November 18, 2013:
I'm writing this post on Saturday after a rather successful installation drew to a close on Friday for our #WellsHill project. We've still got things to be installed, heck the client still has to actually move IN but we're substantially complete which is a great place to be with a month to go until Christmakkah. I'm actually not even sure when Hannukah starts this year, it's probably only a few weeks away at this point I'm guessing.
I'm faking holiday spirit at the moment because I've got too many other deadlines to meet.

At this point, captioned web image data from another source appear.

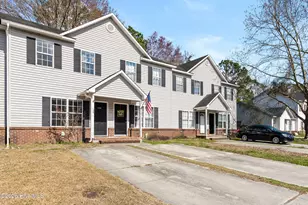 132 Mesa Ln, Jacksonville, NC 28546 - Photo 2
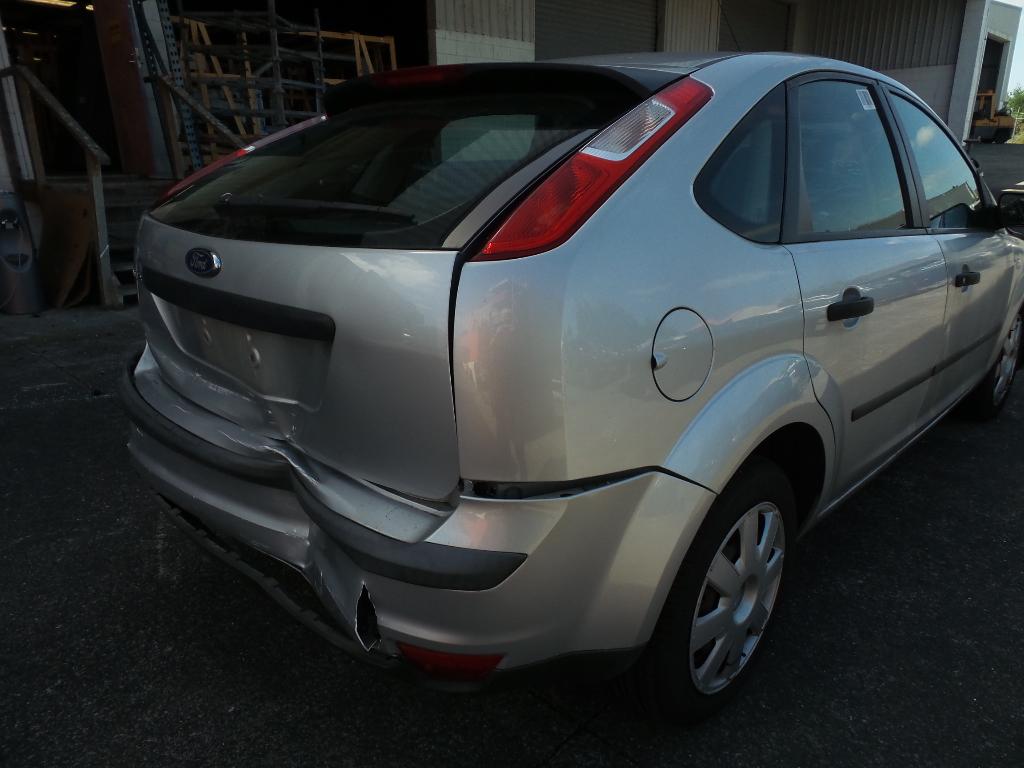 Ford Focus - LS 2005-2007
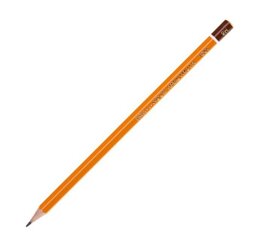 Ołówek Grafitowy 1500 9H /K-I-N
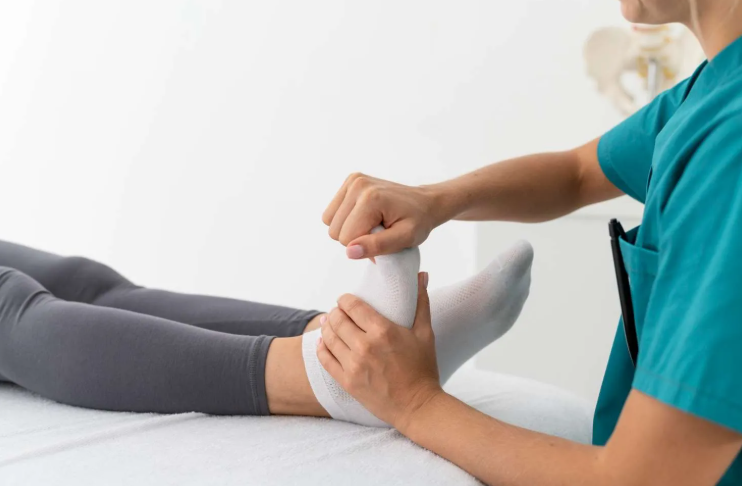 Intrinsic Muscle Conditioning and Orthotic Solutions for Flexed Toe Imbalances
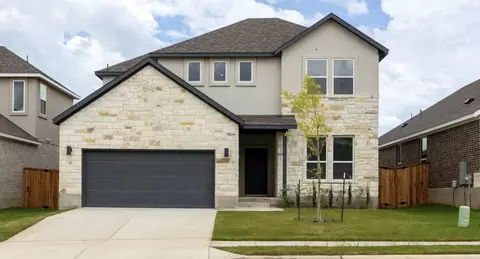 171 Prodigal Way, Kyle, TX 78640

I have said that I thrive on a deadline in the past - yes they force me to buckle down and getter done but I'm actually resenting them - they are giving me chest pains and making falling asleep difficult at the moment. I'm even considering napping which is not something I ever really do but I often find that post installs I'm rendered utterly spent and in need of some major down time.
I used to have a business partner back when I went full time into this Design Biz. A good friend at the time - yes PAST TENSE - who loved organization and the business side of things. As our relationship degenerated, she, the QUEEN of Passive Aggressive used to book me appointments at the end of the day on a Friday followed by another one first thing on a Saturday or several in a day. If you have ever made a presentation to an individual or group - imagine trying to do this a few times in a 24hr period. I mean the one presentation alone is enough to wreck you - right?? You get all amped up, you present, you ride the high for a short while after (if it was successful, if it is less than, you hit bottom all the faster) and then you crash and land into a state of pure goo. Fortunately, I got rid of this toxic influence and business has been on an upswing ever since and I rarely if ever book multiple presentations in a week let alone a day.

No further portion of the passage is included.